TekSavvy also says there isn’t clarity on whether the definition of “new” builds applies when, for example, an MDU is torn down and replaced in the telco footprint. “The list of addresses provided by some of the ILECs is granular to the unit number, suggesting that some ILECs may intend to interpret it in this way, whereas the Decision uses the terms ‘locations’ or ‘premises’, suggesting something less granular than a single unit number,” the application says.

“This lack of clarity for new construction at existing ILEC FTTP-served addresses on its own warrants clarification,” it added. “Without it, TekSavvy expects to face uncertainties about whether individual units in newer buildings are capable of being served, and consumers in newly-built housing in existing Incumbent territories, including in large urban centres, will face limited competitive options for no policy upside.”

On the cableco exemption, TekSavvy argues the commission is going the way of the disaggregate regime, which, since 2015, allowed for competitor access to the last-mile of fibre in exchange for getting their own traffic transport (middle-mile) facilities. But that regime turned out years later to be expensive and unworkable for competitors, who say they didn’t have the necessary regulatory certainty to make proper business decisions.

“An indeterminate exemption from the aggregated FTTP mandate for Cable Carriers, without any transition plan at all, would be a parallel situation to the stalled disaggregated access regime,” TekSavvy says in its application. “ILECs were in effect granted an indeterminate, unstated regulatory head start that was not established based on any definite policy choice to exempt them for a certain period of time, but, rather, was an inadvertent result of regulatory delays in establishing the disaggregated access regime.

“As the Decision stands, it invites the possibility that the Cable Carriers will be required to offer aggregated FTTP services on their networks but provides no indication of the point at which such access could be triggered,” TekSavvy said, adding the commission hasn’t identified at what point do cableco fibre builds become significant enough to be worth opening for competitor access.

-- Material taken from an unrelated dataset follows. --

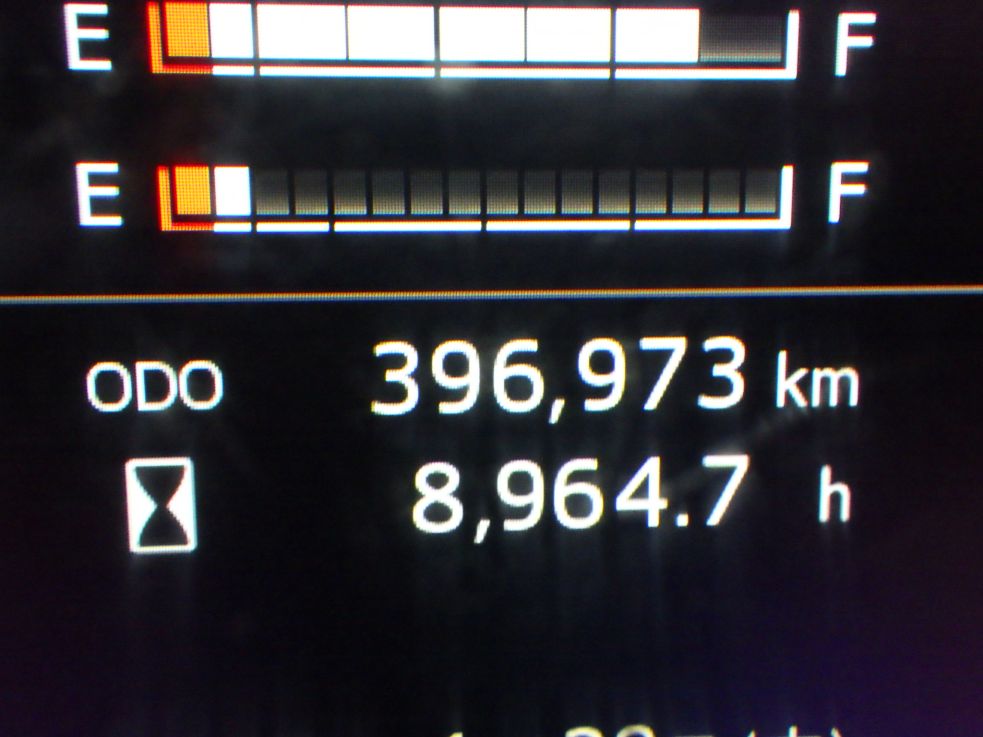 日野 レンジャー 2KG-FD2ABA(2WD)の写真15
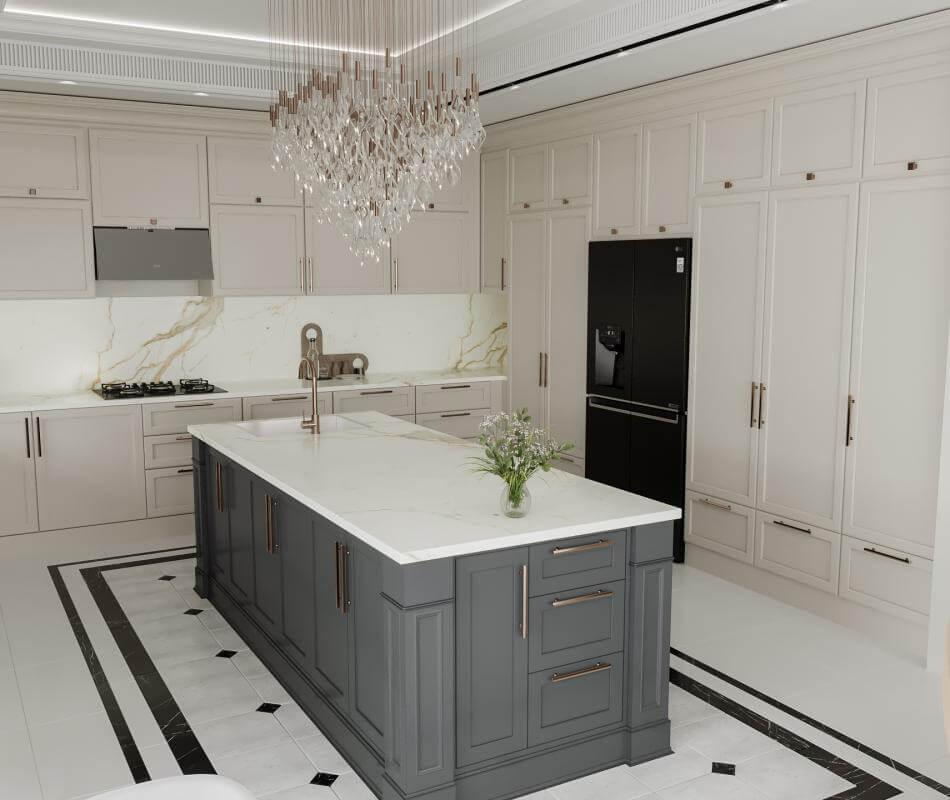 Villa iç dekorasyon Detayı - Villa iç dekorasyon | Villa iç dekorasyon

Given the uncertainty about telco networks, the telecom said it has prioritized getting new customers on cable networks. Now that the majority of its customers are on said networks, “these subscribers risk being similarly lost as their connections may be transitioned by the Cable Carrier towards networks exempt from mandated wholesale,” the application said, adding cablecos may focus on FTTP facilities to protect against access because of the decision.

“This type of delay is likely to mean that by the time any aggregated FTTP services were mandated on Cable Carriers’ networks, competitors would have already faced years of competitive harm due to a shrinking footprint and lack of competitive access,” the application adds. “This again parallels the situation with competitive access to FTTP, in which competitors have lost and continue to lose significant subscribers on the ILECs’ networks while waiting for overdue, feasible access.”

TekSavvy filed its application in the same week that Rogers and, jointly, the Competitive Network Operators of Canada (CNOC), Cogeco and Eastlink filed their own review-and-vary applications.

Those other applications asked for Rogers, Bell and Telus to be banned from using the aggregated wholesale access regime everywhere, regardless of technology. The filings came after the federal cabinet recommended that the CRTC revisit whether that ban should be applied at least to the aggregated last-mile fibre networks of Bell and Telus in Ontario and Quebec.

The CRTC said it will launch a public consultation on the matter.